> **Dataset extract**:

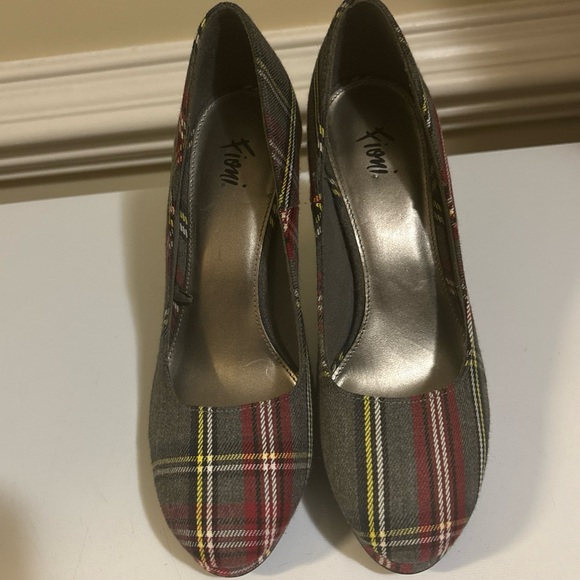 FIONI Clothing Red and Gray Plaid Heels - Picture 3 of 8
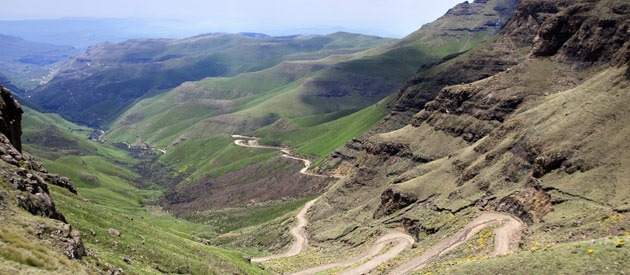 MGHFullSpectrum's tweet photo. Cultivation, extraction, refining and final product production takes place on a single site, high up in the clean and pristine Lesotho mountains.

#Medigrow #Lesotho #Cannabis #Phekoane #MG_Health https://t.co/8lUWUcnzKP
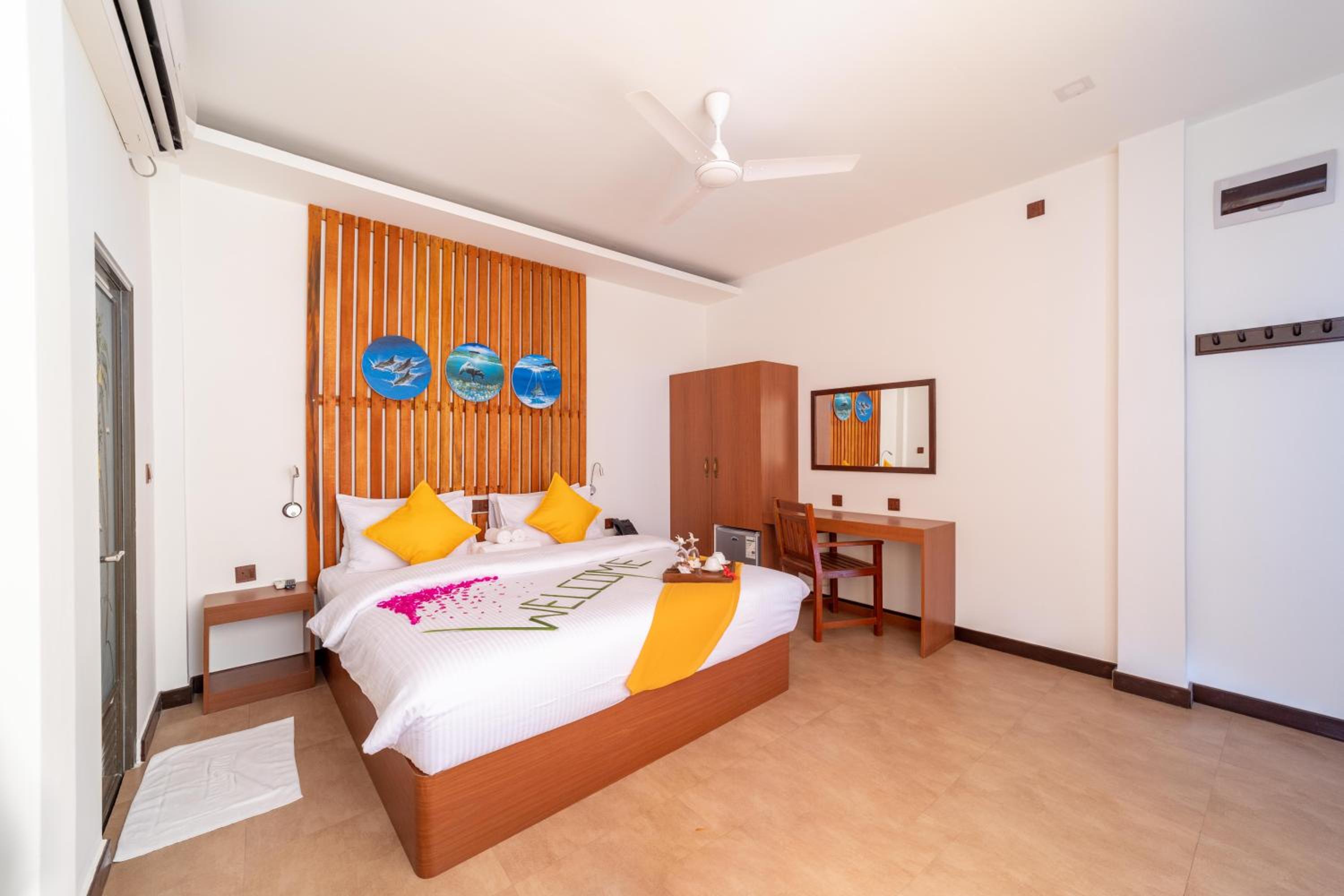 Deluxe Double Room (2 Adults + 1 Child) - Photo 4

> **What is being asked**: Retype only the lines above from the one with "#Medigrow #Lesotho #Cannabis" through the last, both ends included, keeping every picture out of the copy.

> **Answer space**:
#Medigrow #Lesotho #Cannabis #Phekoane #MG_Health https://t.co/8lUWUcnzKP
 Deluxe Double Room (2 Adults + 1 Child) - Photo 4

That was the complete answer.